她這一番歪理邪說,夾雜著實際情況和誇張的表演,把王尚書聽得一愣一愣的,下意識地在心裡快速盤算了一下:如果刨去皇莊那塊最大的稅收(確實被薑璃自己給“免”了),光靠那六百兩和一千石米,要養活遠超規製的護衛仆從,還要支付皇莊的管理費用……好像……還真有點緊巴巴?
王尚書老臉一紅,但依舊強撐著道
“那……那也不行!不收皇莊的稅是郡主您自己的主意,豈能作為哭窮的理由?!”
“行!”
薑璃見王尚書還不鬆口,小腦袋一揚,使出了“殺手鐧”,對著皇帝說道:
“陛下!既然王尚書這麼說了,我也不求您再給我漲俸祿了。您就給我安排點活乾吧!我看戶部就挺忙的,王尚書年紀也大了,算賬辛苦。”
她臉上露出一個“純良無害”的笑容
“我就去戶部,幫王尚書算算賬!工資嘛……您看著給點就行!”
此言一出,王尚書直接傻了!
“讓永嘉郡主來戶部算賬?!那還得了?!她上次來‘幫忙’,隨手一算就算出個‘負五萬兩’,差點冇把老臣和整個戶部同僚的心臟病嚇出來!她要是天天來,國庫還不被她算空了?!我們戶部衙門還能有片瓦遮頭嗎?!”
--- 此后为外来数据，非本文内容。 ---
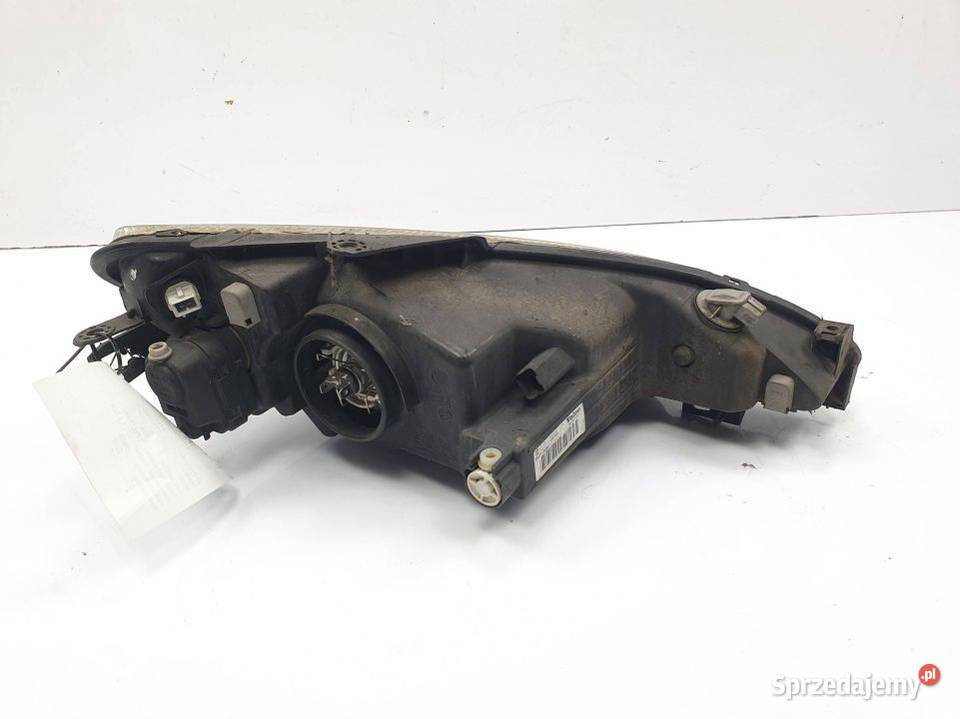 LAMPA LEWA PRZÓD PEUGEOT 206 9640559580 osobowe Części samochodowe Lipno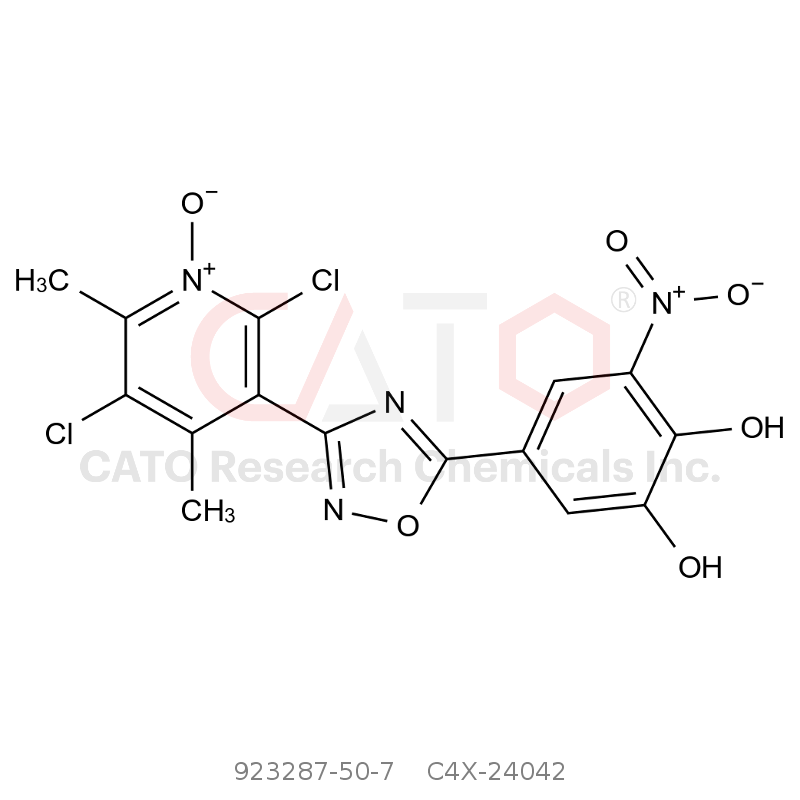 CAS No.:923287-50-7,Opicapone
一想到薑璃可能拿著算盤在堆積如山的賬冊裡“大展身手”,或者興致來了在重要的稅賦奏摺上畫滿小烏龜的場景,王尚書隻覺得眼前一黑,差點當場暈過去。
他再也顧不上什麼規製、什麼道理了,連忙朝著皇帝躬身,聲音都帶著顫抖:
“陛……陛下!使不得!萬萬使不得啊!郡主殿下金枝玉葉,豈能操持此等繁瑣俗務!是……是老臣考慮不周!澄園用度之事……容後再議!容後再議!”
看著被自己一句話嚇得不輕的王尚書,薑璃得意地衝皇帝眨了眨眼,那意思很明顯:看吧舅舅,我還是很有“威懾力”的!
皇帝看著殿下這一老一少鬥法,老的被小的用“同歸於儘”式威脅逼得節節敗退,無奈地揉了揉眉心。
“這個小混蛋……歪門邪道的本事倒是見長……罷了,澄園的開支,看來還是得朕私下裡讓內務府想個法子貼補一下,總不能真讓她去禍害戶部……”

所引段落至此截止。